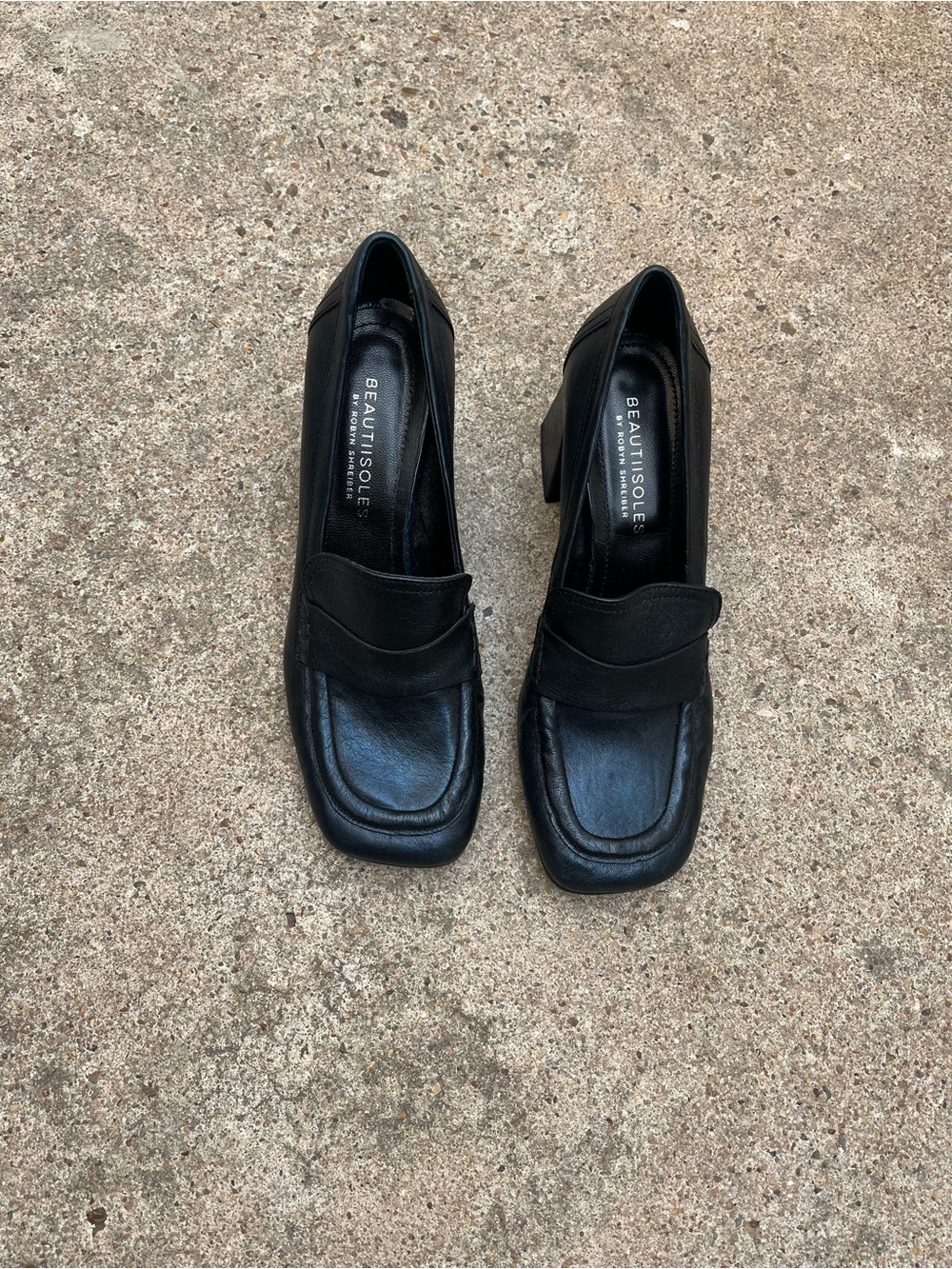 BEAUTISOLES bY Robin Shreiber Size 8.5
********************
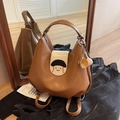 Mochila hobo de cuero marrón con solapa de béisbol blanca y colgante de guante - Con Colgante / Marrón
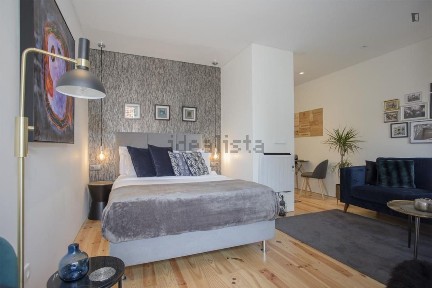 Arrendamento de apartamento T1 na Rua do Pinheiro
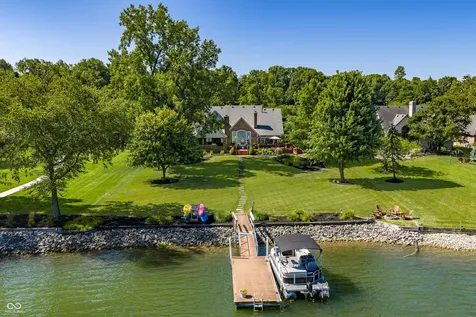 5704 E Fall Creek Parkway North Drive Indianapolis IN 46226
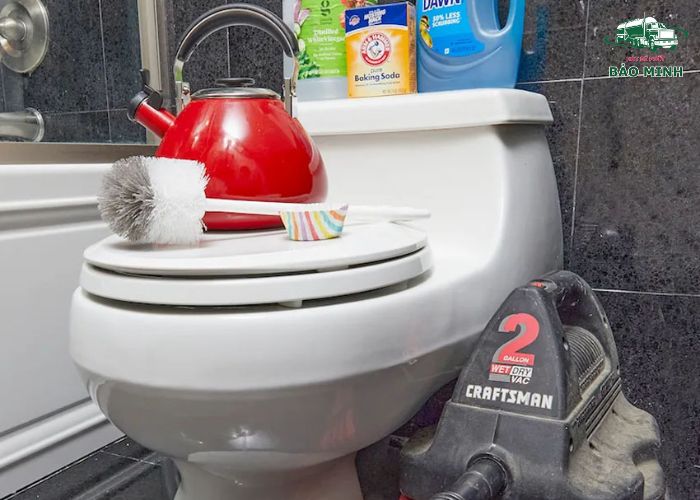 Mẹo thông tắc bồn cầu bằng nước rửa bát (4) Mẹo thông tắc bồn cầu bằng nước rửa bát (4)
********************
Your task is to copy only the lines above starting at the one containing "5704 E Fall" and ending at the one containing "Mẹo thông tắc bồn cầu bằng nước rửa bát (4) Mẹo". Copy them exactly, both ends included, and omit the pictures.

 5704 E Fall Creek Parkway North Drive Indianapolis IN 46226
 Mẹo thông tắc bồn cầu bằng nước rửa bát (4) Mẹo thông tắc bồn cầu bằng nước rửa bát (4)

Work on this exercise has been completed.